Isadora Cohen: A liderança feminina no setor de infraestrutura e Parcerias Público-Privadas

por The Winners

Formada em Direito pela Pontifícia Universidade Católica de São Paulo (PUC-SP), com mestrado profissional em Direito e Desenvolvimento, na linha Direito dos Negócios, na Fundação Getulio Vargas (FGV) e pós-graduada em Direito da Infraestrutura pela GV Law, Isadora teve destaque na gestão pública ao atuar em importantes processos de concessões comuns e Parcerias Público-Privadas (PPP). Na gestão pública, foi subsecretária de Parcerias e Inovação no Governo do Estado de São Paulo, onde desenvolveu a coordenação de projetos e liderança das equipes responsáveis pela implementação de parcerias com a iniciativa privada e inovação na gestão e contratações públicas, entre outros cargos.  Atualmente, como sócia fundadora da ICO, uma consultoria de integração público-privada do setor de infraestrutura, presta serviços para governos, concessionárias, empresas privadas e estatais, criando arranjos público-privados e planejamento estratégico para projetos social e economicamente complexos, atuando em parcerias estratégicas, PPPs e concessões, estruturação de práticas ESG, infraestrutura, verificação independente de contratos, financiamento de projetos, elaboração de estudos de Value for Money e outras atividades correlatas à estruturação jurídica, econômico-financeira e estratégica, bem como gestão de projetos nos mais diversos setores da infraestrutura.

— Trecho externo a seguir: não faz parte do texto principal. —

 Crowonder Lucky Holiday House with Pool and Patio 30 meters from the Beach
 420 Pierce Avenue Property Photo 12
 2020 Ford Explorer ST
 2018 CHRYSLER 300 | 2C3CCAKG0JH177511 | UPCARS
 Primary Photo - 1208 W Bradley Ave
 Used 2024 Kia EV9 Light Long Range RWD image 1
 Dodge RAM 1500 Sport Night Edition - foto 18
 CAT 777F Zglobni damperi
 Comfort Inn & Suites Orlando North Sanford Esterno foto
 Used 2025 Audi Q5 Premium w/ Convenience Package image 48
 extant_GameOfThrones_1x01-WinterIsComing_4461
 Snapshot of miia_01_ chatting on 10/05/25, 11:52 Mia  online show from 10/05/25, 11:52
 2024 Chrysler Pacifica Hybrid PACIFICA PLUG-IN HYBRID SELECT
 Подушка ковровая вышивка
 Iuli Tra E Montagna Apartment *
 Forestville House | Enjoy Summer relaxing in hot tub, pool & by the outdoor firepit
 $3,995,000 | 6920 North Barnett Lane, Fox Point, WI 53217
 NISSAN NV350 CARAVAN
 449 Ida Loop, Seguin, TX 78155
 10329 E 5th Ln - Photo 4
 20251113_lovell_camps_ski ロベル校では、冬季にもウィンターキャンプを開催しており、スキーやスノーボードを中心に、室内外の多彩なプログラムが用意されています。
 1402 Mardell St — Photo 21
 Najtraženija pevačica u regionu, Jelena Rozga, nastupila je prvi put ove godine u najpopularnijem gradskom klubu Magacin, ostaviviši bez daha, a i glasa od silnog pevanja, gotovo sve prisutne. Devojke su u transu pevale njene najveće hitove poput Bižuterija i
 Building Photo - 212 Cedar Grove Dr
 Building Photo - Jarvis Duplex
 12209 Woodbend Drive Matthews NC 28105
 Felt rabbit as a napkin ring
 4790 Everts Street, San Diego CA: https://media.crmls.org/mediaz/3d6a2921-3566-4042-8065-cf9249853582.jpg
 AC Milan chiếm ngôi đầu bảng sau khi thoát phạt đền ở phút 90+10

É apresentadora do primeiro podcast e videocast de Infraestrutura do Brasil, o Infracast. Anteriormente à ICO, Isadora foi sócia líder do segmento de governo no Brasil na KPMG. Além disso, sempre focada em causas nas quais acredita, é cofundadora e diretora-presidente da InfraWomen Brazil (IWB), grupo sem fins lucrativos dedicado à promoção e ao incentivo da presença de mulheres no setor de infraestrutura, com o objetivo de construir espaço em que seja possível compartilhar ideias e experiências para auxiliar no desenvolvimento da agenda de infraestrutura no Brasil. Brasileira, judia e vegana, herdou de seus pais Dodi Chansky e Rony Cohen a paixão pelas artes, arquitetura e conhecimento, e com o padrasto, Otílio Manuel, a importância de lutar por tudo o que acredita e a resiliência. Sua melhor amiga é sua irmã, Marina, que é mãe de seu afilhado Francisco. Casada com Fernando Marcato, advogado e atual secretário de Infraestrutura e Mobilidade do Estado de Minas Gerais, tem dois filhos caninos, Amy e Bowie, da raça Golden Retriever, e duas enteadas que adora, Julia e Carol.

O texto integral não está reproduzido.